- _Dataset records_
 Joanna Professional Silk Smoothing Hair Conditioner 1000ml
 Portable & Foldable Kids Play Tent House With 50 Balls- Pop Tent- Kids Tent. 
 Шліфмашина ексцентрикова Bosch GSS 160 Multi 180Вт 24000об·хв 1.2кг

---

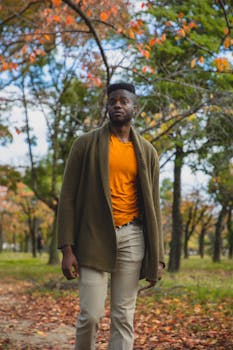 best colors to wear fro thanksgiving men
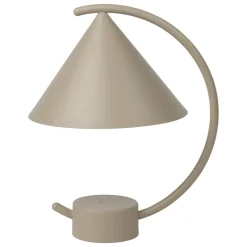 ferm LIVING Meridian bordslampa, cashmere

- _Exercise prompt_
In the listing above, start at the line with "Portable & Foldable", go on through the line with "Шліфмашина ексцентрикова Bosch", and copy each of those lines exactly; leave out all the rest.

- _Finished task_
 Portable & Foldable Kids Play Tent House With 50 Balls- Pop Tent- Kids Tent. 
 Шліфмашина ексцентрикова Bosch GSS 160 Multi 180Вт 24000об·хв 1.2кг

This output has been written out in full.